→ Problem description
Repeat only the lines below from the one containing "Meopham, UK by Harry van Engelen" through the one containing "In einer Wohnung", inclusive, exactly as written.

→ Supplied entries
____________________

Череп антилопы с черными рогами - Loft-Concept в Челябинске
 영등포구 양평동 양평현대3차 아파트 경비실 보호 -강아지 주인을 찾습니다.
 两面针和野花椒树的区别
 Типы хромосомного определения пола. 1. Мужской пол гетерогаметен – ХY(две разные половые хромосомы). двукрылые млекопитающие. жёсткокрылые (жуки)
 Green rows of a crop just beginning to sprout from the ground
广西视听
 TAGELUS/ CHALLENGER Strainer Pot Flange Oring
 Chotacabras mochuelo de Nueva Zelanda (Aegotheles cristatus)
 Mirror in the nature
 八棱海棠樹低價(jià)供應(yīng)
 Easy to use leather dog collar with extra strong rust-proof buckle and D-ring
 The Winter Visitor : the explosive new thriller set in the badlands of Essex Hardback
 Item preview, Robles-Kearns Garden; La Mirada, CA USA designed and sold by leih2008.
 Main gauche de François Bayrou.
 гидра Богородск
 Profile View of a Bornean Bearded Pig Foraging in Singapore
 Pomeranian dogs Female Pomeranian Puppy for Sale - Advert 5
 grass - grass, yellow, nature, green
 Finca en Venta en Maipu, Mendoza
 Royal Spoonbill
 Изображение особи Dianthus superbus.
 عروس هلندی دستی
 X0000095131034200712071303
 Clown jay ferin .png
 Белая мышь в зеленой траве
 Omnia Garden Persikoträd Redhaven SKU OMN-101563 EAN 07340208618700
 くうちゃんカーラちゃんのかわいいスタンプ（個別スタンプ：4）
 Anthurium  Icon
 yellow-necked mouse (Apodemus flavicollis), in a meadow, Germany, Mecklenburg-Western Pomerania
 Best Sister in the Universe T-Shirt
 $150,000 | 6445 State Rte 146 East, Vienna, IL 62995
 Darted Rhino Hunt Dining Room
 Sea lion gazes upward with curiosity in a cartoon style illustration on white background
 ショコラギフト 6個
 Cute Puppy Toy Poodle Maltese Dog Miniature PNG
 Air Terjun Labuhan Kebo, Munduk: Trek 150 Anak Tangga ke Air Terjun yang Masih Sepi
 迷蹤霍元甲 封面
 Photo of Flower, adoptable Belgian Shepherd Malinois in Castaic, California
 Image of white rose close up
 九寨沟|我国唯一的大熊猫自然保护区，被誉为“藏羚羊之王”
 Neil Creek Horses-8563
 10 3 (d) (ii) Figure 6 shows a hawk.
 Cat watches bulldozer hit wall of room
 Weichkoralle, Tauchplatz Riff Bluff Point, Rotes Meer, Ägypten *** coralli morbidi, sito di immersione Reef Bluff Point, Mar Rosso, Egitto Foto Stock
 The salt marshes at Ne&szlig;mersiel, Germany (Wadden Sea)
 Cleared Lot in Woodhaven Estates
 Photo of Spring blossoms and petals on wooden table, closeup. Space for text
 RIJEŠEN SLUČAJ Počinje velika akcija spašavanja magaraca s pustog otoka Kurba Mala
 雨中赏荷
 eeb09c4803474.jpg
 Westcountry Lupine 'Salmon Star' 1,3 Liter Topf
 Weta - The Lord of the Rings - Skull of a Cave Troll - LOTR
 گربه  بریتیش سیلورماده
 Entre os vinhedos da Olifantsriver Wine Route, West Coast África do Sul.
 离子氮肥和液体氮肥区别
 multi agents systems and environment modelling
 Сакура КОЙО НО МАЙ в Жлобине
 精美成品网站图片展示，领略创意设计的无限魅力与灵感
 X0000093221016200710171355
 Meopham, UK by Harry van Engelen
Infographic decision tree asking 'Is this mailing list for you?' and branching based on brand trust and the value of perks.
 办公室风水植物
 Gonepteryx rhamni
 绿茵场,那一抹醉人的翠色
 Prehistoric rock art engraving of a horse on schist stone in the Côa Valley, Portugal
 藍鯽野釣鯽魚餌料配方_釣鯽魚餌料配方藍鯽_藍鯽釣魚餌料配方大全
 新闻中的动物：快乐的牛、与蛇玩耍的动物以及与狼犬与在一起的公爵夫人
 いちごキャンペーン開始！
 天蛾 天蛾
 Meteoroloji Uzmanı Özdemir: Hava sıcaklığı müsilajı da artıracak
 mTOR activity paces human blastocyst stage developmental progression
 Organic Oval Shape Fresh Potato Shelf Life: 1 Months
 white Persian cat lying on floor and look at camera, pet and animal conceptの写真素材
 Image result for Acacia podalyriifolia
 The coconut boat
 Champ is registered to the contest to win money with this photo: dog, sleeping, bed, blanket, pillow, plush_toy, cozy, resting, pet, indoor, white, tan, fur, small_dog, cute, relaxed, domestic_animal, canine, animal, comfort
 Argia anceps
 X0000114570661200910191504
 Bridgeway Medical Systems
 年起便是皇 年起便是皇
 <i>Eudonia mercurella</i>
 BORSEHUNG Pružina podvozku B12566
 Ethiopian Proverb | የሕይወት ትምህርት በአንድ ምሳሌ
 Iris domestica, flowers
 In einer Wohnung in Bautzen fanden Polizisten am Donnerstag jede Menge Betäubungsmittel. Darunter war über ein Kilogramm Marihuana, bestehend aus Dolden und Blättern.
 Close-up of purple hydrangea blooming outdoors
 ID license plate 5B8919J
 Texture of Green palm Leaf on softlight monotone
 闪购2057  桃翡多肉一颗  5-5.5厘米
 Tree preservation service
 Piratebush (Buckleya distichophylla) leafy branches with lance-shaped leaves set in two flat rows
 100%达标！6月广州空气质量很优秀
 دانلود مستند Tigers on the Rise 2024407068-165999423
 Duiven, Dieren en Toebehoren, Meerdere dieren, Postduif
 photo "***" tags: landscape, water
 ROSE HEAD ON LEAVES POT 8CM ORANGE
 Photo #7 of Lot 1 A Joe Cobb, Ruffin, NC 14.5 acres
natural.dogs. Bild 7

____________________

→ Answer to the problem
 Meopham, UK by Harry van Engelen
Infographic decision tree asking 'Is this mailing list for you?' and branching based on brand trust and the value of perks.
 办公室风水植物
 Gonepteryx rhamni
 绿茵场,那一抹醉人的翠色
 Prehistoric rock art engraving of a horse on schist stone in the Côa Valley, Portugal
 藍鯽野釣鯽魚餌料配方_釣鯽魚餌料配方藍鯽_藍鯽釣魚餌料配方大全
 新闻中的动物：快乐的牛、与蛇玩耍的动物以及与狼犬与在一起的公爵夫人
 いちごキャンペーン開始！
 天蛾 天蛾
 Meteoroloji Uzmanı Özdemir: Hava sıcaklığı müsilajı da artıracak
 mTOR activity paces human blastocyst stage developmental progression
 Organic Oval Shape Fresh Potato Shelf Life: 1 Months
 white Persian cat lying on floor and look at camera, pet and animal conceptの写真素材
 Image result for Acacia podalyriifolia
 The coconut boat
 Champ is registered to the contest to win money with this photo: dog, sleeping, bed, blanket, pillow, plush_toy, cozy, resting, pet, indoor, white, tan, fur, small_dog, cute, relaxed, domestic_animal, canine, animal, comfort
 Argia anceps
 X0000114570661200910191504
 Bridgeway Medical Systems
 年起便是皇 年起便是皇
 <i>Eudonia mercurella</i>
 BORSEHUNG Pružina podvozku B12566
 Ethiopian Proverb | የሕይወት ትምህርት በአንድ ምሳሌ
 Iris domestica, flowers
 In einer Wohnung in Bautzen fanden Polizisten am Donnerstag jede Menge Betäubungsmittel. Darunter war über ein Kilogramm Marihuana, bestehend aus Dolden und Blättern.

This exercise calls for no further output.